EXERCISE AIM. Repeat verbatim each line from the line with "Приобрести Квартира в" to the end of the entries. Pictures do not belong in the copy.

EXTRACTED ENTRIES.
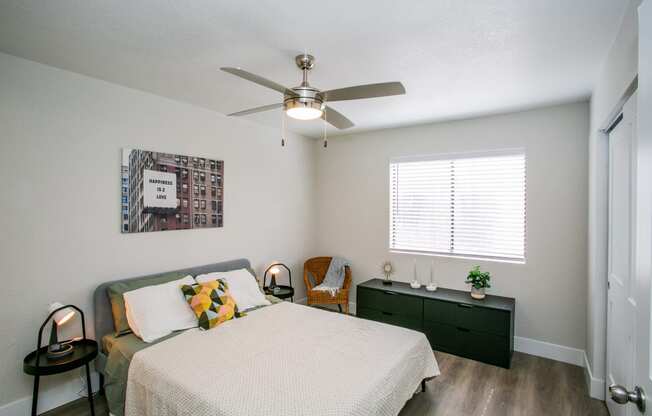 a bedroom with a bed and a ceiling fan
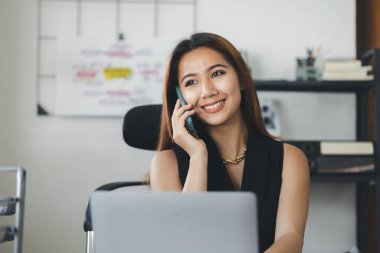Telefonda konuşan Asyalı bir kadın, bir girişim şirketinde satış elemanı, ürün ve promosyon satmak için müşterileri arıyor. Telefon kanalları aracılığıyla ürün satma kavramı.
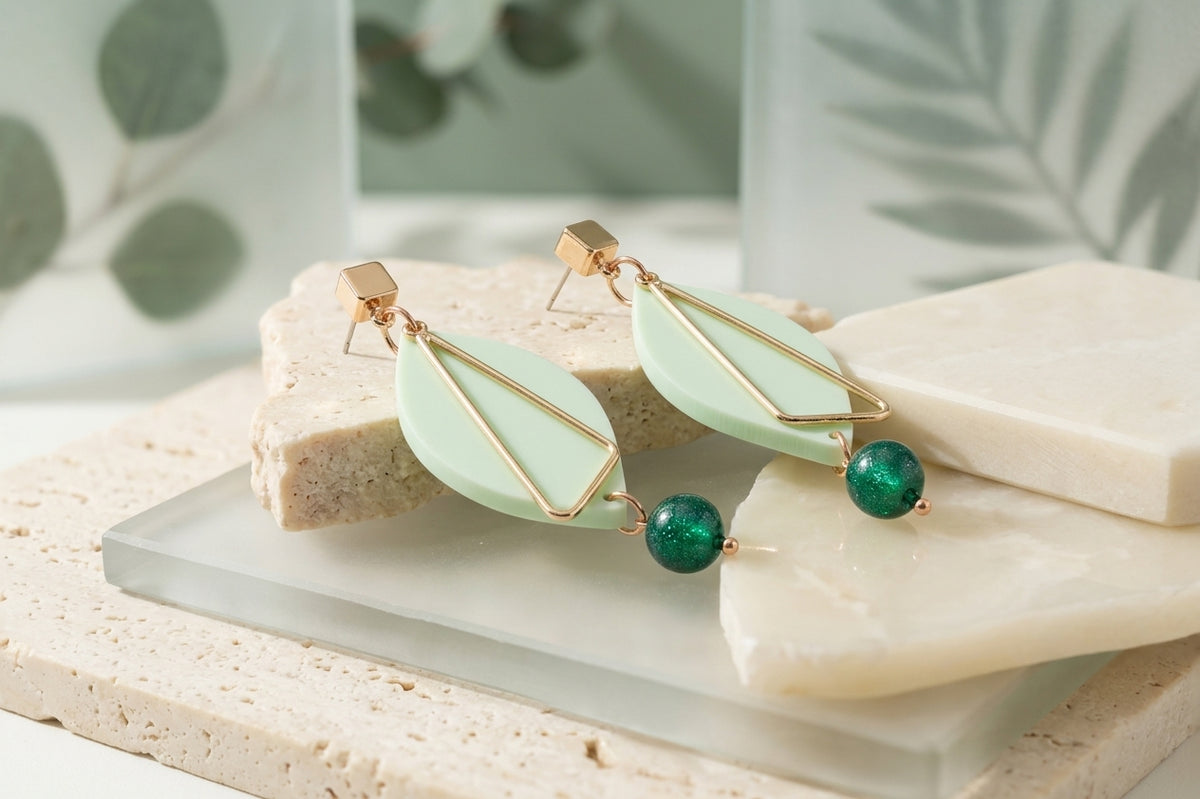 Green Ada geometric acrylic statement earrings in a styled product setting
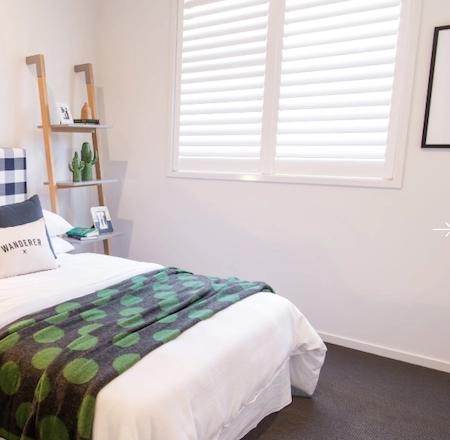 White plantation shutters in a bedroom for privacy and light control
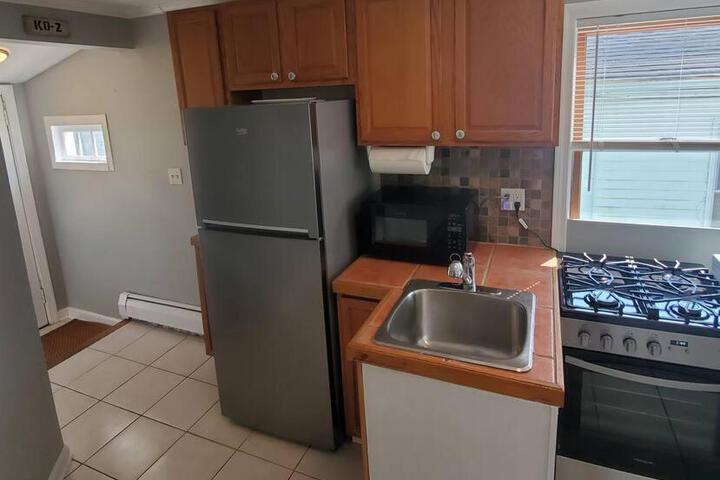 Beachy Bay Breeze Bungalow 2BR with parking and close to many amenities.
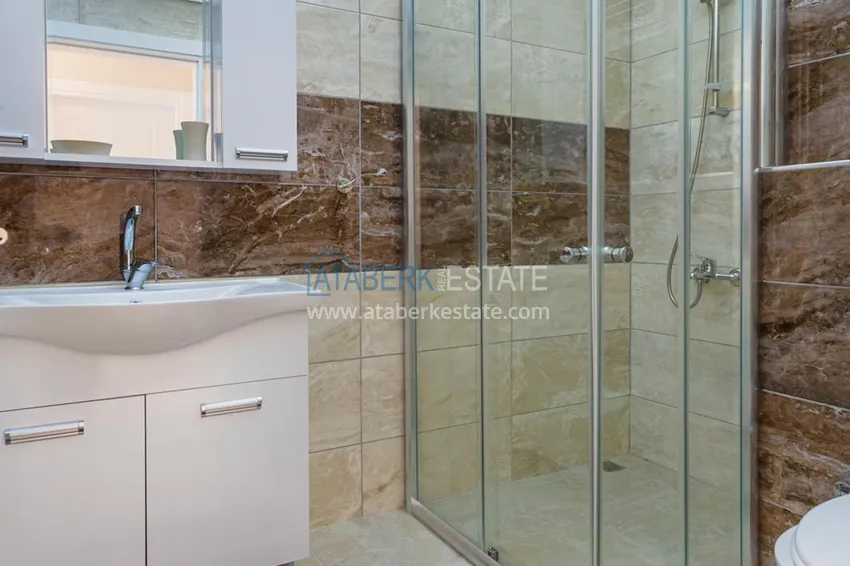 Приобрести Квартира в Махмутларе - современный интерьер частичный вид на море 24 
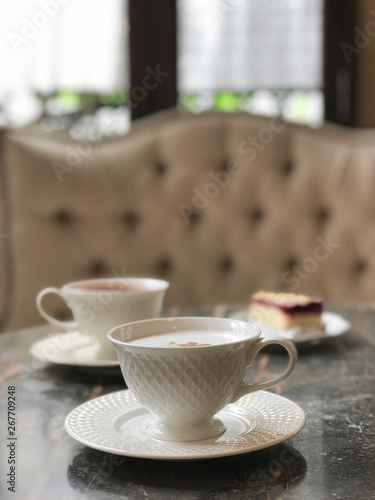 Fototapeta Naklejka Na Ścianę i Meble -  Coffee cup on table in coffee shop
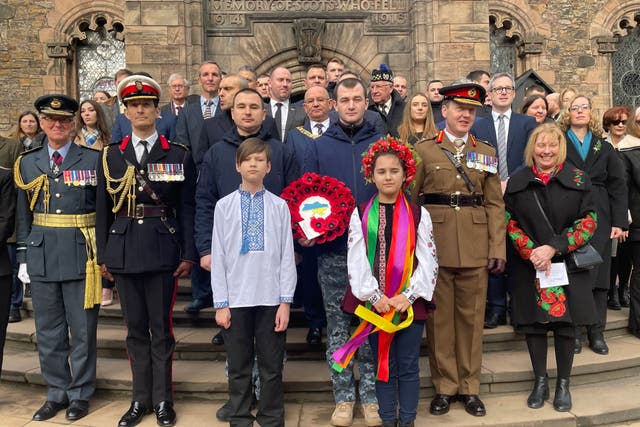 Ukrainian families, members of the armed forces, representatives from the UK and Scottish governments and consuls from countries across the globe gather at the Scottish National War Memorial at Edinburgh Castle on Friday to pay their respects to those fighting in Ukraine, one year on from the start of the conflict (Katharine Hay/PA)
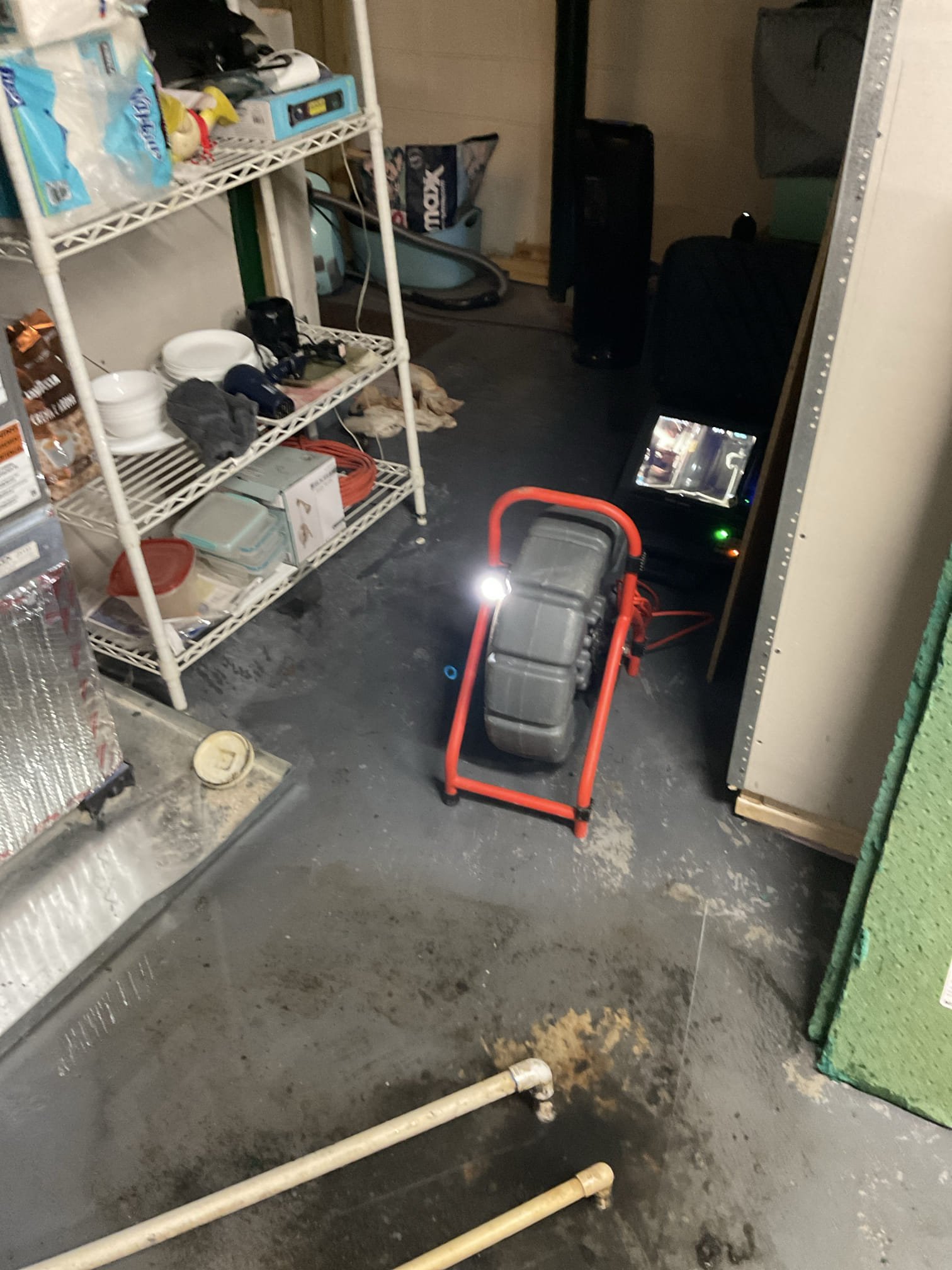 Cleared floor drain in front of the water heater , camera scope the line found back up is in old cast iron pipe , quote pump and reroute line to existing pvc 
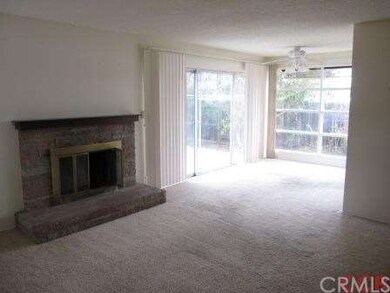 Living room looking into dining area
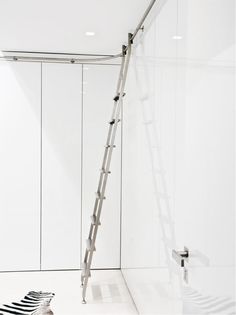 a ladder leaning against the wall in a white room with black and white stripes on the floor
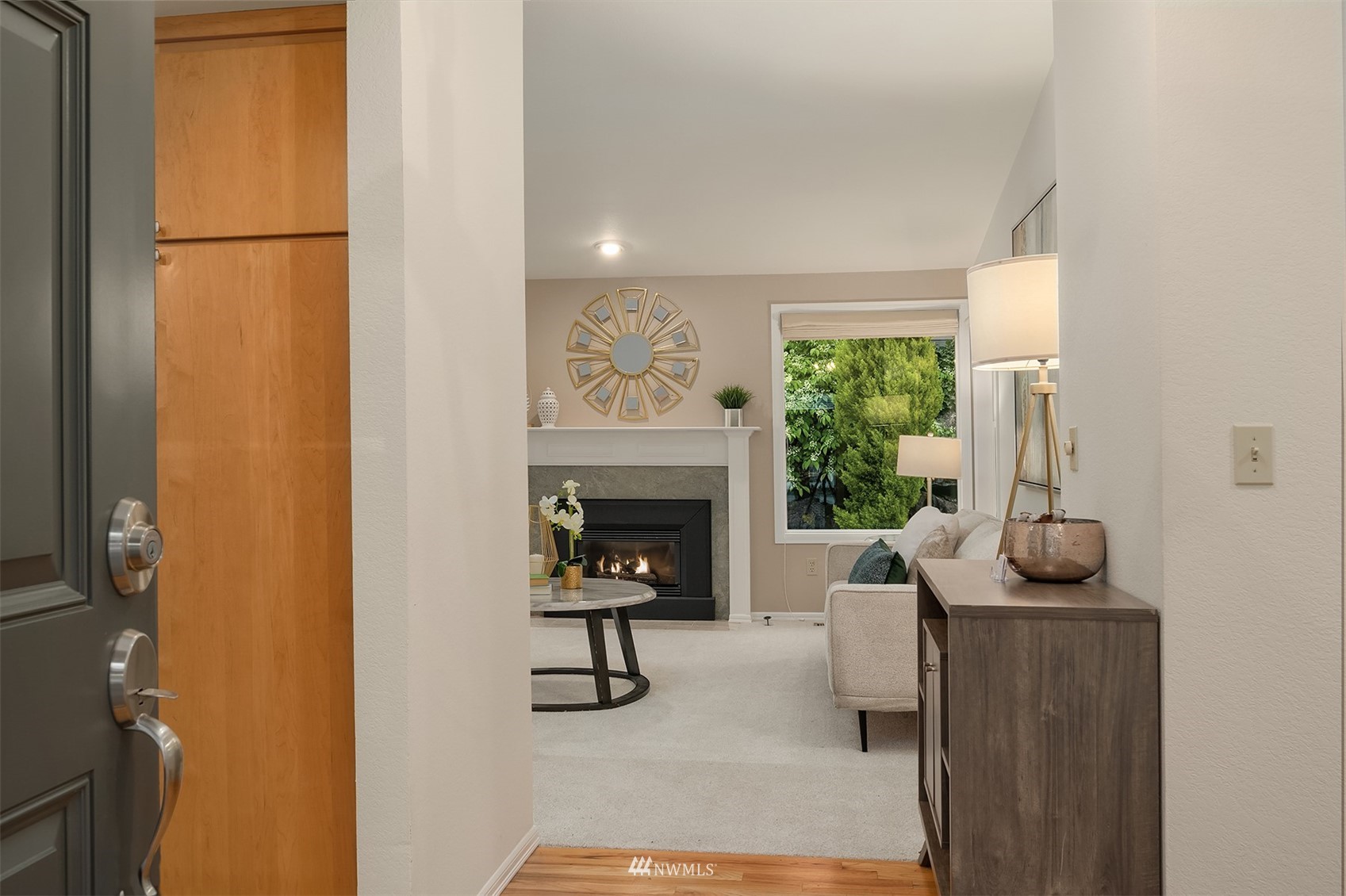 6730 114th Avenue Southeast Bellevue, WA 98006 - Photo 5 of 32 a living room with furniture and a fireplace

FINAL ANSWER.
 Приобрести Квартира в Махмутларе - современный интерьер частичный вид на море 24 
 Fototapeta Naklejka Na Ścianę i Meble -  Coffee cup on table in coffee shop
 Ukrainian families, members of the armed forces, representatives from the UK and Scottish governments and consuls from countries across the globe gather at the Scottish National War Memorial at Edinburgh Castle on Friday to pay their respects to those fighting in Ukraine, one year on from the start of the conflict (Katharine Hay/PA)
 Cleared floor drain in front of the water heater , camera scope the line found back up is in old cast iron pipe , quote pump and reroute line to existing pvc 
 Living room looking into dining area
 a ladder leaning against the wall in a white room with black and white stripes on the floor
 6730 114th Avenue Southeast Bellevue, WA 98006 - Photo 5 of 32 a living room with furniture and a fireplace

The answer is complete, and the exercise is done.